▶ [Work request] Only lines containing "Picture" are wanted from the data below. Copy those lines.
====== Information supplied
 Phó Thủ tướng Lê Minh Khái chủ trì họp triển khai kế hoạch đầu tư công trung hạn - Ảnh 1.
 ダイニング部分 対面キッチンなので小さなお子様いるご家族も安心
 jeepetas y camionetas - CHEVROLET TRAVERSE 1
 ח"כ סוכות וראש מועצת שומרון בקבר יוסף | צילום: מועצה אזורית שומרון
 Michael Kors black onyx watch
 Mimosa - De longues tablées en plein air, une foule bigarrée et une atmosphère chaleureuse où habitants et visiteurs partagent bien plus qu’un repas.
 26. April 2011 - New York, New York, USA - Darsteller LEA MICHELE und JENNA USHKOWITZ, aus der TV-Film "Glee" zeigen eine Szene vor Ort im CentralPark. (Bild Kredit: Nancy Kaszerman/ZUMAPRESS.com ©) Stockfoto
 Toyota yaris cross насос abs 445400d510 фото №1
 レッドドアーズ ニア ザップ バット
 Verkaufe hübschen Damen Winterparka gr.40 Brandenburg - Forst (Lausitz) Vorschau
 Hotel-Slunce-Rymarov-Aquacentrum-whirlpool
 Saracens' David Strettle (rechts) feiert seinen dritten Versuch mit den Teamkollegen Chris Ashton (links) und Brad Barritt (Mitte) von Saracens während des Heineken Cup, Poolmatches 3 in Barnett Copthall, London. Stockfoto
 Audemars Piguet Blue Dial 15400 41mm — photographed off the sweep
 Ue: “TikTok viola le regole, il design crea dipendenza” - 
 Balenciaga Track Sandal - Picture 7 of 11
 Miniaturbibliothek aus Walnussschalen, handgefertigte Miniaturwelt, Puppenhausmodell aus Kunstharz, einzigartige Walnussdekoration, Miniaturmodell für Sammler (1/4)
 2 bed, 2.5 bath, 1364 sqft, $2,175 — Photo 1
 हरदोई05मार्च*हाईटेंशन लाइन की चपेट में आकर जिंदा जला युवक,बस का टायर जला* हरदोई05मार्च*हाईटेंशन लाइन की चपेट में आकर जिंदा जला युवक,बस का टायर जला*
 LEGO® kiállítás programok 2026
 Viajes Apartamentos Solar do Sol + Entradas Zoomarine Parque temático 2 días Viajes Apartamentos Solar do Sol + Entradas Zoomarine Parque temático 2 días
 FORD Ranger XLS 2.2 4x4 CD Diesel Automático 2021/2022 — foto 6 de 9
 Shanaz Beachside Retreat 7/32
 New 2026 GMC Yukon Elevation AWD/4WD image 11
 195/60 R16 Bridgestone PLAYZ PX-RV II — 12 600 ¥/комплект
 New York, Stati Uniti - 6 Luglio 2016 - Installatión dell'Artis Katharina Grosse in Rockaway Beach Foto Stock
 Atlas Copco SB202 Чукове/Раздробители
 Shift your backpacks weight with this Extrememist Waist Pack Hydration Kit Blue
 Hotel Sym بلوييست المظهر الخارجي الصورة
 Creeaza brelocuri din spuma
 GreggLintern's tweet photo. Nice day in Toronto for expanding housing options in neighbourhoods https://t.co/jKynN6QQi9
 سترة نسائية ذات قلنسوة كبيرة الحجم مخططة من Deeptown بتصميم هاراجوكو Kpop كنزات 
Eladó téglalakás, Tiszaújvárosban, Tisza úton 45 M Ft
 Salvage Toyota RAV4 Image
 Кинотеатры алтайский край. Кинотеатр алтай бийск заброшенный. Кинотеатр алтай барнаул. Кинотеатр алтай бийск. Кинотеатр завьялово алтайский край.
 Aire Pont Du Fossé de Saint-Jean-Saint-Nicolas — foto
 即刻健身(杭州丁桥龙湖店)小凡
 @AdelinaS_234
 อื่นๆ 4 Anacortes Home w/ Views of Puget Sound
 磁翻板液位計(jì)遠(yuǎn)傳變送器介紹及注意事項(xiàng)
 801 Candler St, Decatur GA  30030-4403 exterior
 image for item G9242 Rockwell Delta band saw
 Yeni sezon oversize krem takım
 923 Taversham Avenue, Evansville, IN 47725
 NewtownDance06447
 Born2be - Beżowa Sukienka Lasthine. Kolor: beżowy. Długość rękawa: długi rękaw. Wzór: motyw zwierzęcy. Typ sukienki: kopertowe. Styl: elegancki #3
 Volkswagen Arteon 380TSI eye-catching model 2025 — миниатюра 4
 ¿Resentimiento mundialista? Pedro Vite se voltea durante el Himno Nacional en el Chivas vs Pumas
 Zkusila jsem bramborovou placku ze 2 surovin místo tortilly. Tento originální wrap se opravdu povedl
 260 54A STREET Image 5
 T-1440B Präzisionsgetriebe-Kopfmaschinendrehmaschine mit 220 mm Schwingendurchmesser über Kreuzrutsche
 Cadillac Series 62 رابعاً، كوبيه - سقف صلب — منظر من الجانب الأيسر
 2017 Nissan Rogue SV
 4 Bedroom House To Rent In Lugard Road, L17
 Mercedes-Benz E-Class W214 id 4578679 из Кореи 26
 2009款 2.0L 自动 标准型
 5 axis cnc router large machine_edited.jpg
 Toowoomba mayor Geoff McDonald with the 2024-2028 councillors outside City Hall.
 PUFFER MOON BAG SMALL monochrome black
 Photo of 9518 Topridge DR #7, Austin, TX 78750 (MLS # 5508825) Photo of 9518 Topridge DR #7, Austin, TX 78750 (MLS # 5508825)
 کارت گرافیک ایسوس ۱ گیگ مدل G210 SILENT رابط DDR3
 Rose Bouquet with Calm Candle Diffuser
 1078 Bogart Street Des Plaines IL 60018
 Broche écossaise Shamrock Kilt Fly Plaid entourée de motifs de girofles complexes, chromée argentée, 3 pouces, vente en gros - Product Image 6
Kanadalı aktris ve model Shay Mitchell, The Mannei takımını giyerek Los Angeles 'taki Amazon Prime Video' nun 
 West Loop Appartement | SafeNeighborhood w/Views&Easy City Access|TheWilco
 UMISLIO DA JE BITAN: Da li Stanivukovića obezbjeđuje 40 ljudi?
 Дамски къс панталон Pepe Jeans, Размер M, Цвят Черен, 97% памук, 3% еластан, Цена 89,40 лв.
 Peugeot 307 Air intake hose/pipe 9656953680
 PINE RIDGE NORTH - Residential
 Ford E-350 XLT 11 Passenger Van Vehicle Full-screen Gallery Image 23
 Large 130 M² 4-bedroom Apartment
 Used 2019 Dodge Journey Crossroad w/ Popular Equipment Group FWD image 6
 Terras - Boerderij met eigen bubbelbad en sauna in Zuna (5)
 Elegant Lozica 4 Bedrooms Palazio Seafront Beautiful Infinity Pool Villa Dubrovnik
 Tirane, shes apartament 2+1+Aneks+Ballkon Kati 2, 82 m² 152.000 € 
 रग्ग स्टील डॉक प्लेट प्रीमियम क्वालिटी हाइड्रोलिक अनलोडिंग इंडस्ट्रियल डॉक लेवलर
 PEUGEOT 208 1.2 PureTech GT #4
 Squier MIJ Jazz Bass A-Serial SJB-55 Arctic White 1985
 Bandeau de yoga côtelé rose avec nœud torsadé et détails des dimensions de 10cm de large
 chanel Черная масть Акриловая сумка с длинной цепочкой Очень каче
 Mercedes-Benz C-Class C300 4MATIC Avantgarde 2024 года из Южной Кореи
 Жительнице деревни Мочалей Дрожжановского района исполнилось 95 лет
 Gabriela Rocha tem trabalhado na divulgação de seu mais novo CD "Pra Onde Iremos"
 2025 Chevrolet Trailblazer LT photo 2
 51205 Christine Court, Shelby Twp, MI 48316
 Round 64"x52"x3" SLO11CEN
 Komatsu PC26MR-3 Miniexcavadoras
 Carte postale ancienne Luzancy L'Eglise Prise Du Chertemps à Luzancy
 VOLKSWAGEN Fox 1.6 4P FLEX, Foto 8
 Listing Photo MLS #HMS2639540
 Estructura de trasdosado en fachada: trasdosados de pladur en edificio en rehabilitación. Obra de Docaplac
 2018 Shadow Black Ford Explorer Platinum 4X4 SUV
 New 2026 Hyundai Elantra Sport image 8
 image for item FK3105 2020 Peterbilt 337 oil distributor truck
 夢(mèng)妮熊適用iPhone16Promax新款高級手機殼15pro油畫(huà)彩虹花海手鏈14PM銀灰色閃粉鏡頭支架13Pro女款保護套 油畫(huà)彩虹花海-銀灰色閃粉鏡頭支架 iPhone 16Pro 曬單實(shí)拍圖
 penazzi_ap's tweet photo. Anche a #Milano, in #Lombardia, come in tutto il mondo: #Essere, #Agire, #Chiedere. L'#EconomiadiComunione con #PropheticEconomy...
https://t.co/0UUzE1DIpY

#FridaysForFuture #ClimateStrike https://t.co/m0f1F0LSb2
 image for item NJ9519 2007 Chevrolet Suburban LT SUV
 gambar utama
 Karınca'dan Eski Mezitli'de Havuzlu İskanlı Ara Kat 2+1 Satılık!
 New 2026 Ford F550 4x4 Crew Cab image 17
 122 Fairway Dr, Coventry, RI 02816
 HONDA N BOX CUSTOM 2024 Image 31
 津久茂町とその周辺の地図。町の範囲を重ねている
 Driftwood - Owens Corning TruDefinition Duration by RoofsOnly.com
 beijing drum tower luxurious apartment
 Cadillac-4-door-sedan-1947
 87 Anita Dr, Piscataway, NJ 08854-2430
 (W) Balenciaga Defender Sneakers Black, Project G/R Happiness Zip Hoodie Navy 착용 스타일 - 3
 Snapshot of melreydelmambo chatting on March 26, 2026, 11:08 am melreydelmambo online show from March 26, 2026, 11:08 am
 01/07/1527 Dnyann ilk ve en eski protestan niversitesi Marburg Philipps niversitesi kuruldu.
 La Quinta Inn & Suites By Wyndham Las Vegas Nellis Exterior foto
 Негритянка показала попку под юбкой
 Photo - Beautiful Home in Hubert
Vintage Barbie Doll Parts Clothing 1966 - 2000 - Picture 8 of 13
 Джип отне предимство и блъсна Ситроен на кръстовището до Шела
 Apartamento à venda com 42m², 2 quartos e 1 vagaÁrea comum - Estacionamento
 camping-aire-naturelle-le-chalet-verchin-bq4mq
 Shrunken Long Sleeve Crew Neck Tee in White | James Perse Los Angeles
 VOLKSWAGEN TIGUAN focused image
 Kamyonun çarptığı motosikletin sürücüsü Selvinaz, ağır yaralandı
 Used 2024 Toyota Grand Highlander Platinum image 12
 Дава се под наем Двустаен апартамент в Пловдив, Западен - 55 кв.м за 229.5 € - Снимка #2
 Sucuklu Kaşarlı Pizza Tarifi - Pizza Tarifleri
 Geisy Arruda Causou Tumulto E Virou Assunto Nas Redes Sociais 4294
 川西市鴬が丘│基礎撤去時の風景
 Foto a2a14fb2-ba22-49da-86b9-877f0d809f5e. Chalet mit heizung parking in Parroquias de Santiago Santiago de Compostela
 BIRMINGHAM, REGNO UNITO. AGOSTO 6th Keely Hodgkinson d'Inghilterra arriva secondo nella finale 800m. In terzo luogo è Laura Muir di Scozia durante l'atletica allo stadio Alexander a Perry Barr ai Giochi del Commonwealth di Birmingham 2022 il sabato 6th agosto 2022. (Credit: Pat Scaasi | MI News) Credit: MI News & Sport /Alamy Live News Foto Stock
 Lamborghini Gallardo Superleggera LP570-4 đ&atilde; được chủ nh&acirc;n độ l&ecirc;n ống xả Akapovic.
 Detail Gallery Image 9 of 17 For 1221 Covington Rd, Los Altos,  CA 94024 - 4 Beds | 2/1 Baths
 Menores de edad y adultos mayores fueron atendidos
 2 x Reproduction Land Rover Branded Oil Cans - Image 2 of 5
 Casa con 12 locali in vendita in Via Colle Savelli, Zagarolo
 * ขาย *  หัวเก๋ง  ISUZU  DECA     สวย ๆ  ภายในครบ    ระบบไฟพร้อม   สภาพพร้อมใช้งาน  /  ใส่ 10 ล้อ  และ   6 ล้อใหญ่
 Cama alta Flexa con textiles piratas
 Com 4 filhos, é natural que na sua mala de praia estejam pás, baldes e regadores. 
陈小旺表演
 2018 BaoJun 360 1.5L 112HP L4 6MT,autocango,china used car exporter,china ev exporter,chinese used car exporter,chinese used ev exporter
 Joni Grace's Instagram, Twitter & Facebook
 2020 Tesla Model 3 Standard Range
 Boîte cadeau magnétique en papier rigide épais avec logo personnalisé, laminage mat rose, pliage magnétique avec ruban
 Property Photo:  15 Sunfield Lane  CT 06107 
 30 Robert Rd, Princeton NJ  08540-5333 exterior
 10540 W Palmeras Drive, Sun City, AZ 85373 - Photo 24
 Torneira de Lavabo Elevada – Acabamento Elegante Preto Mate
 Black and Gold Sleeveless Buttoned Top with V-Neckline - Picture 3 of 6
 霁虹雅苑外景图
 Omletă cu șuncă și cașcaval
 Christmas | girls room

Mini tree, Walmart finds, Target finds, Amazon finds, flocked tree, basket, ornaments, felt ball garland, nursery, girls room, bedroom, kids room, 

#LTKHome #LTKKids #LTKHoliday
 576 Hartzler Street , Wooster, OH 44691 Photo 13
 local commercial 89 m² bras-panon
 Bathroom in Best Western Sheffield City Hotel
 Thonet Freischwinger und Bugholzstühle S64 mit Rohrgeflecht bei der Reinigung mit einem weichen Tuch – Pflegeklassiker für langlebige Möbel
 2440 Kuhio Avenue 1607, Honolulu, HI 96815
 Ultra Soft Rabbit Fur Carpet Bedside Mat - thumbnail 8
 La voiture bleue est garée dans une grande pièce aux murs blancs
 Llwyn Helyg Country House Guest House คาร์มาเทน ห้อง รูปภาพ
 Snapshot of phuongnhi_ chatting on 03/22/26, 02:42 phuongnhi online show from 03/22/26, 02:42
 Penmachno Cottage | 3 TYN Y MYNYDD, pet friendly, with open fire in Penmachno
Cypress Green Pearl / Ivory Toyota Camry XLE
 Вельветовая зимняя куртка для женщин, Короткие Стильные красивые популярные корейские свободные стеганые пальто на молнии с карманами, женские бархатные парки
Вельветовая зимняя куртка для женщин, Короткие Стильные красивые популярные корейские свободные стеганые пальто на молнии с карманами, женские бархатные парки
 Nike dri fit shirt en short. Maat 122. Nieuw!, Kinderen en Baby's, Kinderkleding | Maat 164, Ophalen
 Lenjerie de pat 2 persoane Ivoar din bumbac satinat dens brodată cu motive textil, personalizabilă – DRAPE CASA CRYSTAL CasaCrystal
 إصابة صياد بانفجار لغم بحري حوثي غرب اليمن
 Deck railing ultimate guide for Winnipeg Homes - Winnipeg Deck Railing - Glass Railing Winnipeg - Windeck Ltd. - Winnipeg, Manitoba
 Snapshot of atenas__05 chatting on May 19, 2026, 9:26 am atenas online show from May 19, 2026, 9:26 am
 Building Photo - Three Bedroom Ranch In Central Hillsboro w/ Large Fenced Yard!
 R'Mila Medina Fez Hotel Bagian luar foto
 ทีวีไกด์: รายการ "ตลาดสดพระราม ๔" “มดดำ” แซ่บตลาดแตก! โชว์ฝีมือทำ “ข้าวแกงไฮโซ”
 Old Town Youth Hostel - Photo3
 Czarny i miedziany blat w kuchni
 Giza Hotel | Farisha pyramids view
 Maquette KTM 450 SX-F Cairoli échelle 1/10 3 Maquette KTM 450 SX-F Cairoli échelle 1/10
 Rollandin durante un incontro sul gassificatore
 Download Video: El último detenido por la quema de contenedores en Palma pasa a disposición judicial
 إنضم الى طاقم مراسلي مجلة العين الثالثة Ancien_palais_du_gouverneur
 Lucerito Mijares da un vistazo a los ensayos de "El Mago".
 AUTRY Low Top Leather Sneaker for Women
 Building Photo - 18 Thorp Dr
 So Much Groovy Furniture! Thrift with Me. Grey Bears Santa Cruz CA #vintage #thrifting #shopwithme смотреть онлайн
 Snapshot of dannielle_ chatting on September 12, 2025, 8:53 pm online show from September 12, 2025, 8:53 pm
============
▶ [Reply]
 Balenciaga Track Sandal - Picture 7 of 11
Vintage Barbie Doll Parts Clothing 1966 - 2000 - Picture 8 of 13
 Black and Gold Sleeveless Buttoned Top with V-Neckline - Picture 3 of 6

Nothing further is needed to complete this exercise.